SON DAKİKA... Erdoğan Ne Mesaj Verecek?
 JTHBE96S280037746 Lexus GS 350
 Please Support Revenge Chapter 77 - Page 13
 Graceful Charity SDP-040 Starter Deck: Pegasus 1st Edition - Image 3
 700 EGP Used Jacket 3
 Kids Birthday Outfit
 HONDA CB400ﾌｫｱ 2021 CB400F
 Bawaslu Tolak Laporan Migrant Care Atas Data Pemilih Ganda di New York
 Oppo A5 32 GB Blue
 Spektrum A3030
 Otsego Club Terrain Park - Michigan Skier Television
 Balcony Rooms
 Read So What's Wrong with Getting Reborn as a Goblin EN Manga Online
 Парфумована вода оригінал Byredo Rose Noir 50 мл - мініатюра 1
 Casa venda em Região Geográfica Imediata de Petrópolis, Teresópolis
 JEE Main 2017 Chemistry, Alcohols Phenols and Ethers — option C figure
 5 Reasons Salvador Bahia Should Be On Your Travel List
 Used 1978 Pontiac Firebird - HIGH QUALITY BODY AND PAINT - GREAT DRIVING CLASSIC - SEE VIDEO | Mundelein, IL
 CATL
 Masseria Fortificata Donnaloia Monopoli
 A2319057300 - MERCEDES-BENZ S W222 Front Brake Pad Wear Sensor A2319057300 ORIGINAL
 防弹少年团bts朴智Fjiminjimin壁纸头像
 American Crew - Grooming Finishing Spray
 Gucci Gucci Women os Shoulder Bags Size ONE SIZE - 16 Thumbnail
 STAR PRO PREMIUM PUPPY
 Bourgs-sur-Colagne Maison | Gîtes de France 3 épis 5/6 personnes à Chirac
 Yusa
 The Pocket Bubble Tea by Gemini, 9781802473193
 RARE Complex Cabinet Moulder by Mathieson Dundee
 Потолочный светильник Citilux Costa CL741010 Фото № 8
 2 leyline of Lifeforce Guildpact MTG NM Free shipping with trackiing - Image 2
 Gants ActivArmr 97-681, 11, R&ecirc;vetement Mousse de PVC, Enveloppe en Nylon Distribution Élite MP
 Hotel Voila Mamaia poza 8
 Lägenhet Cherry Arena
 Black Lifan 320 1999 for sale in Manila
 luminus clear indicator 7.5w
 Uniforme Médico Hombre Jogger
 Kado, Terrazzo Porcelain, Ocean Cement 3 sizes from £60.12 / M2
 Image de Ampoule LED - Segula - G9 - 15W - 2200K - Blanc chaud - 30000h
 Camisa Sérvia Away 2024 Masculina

########################################

> Activity
Repeat only the lines from the one holding "Lägenhet Cherry Arena" through the last line of the data.

> Answer to this problem
 Lägenhet Cherry Arena
 Black Lifan 320 1999 for sale in Manila
 luminus clear indicator 7.5w
 Uniforme Médico Hombre Jogger
 Kado, Terrazzo Porcelain, Ocean Cement 3 sizes from £60.12 / M2
 Image de Ampoule LED - Segula - G9 - 15W - 2200K - Blanc chaud - 30000h
 Camisa Sérvia Away 2024 Masculina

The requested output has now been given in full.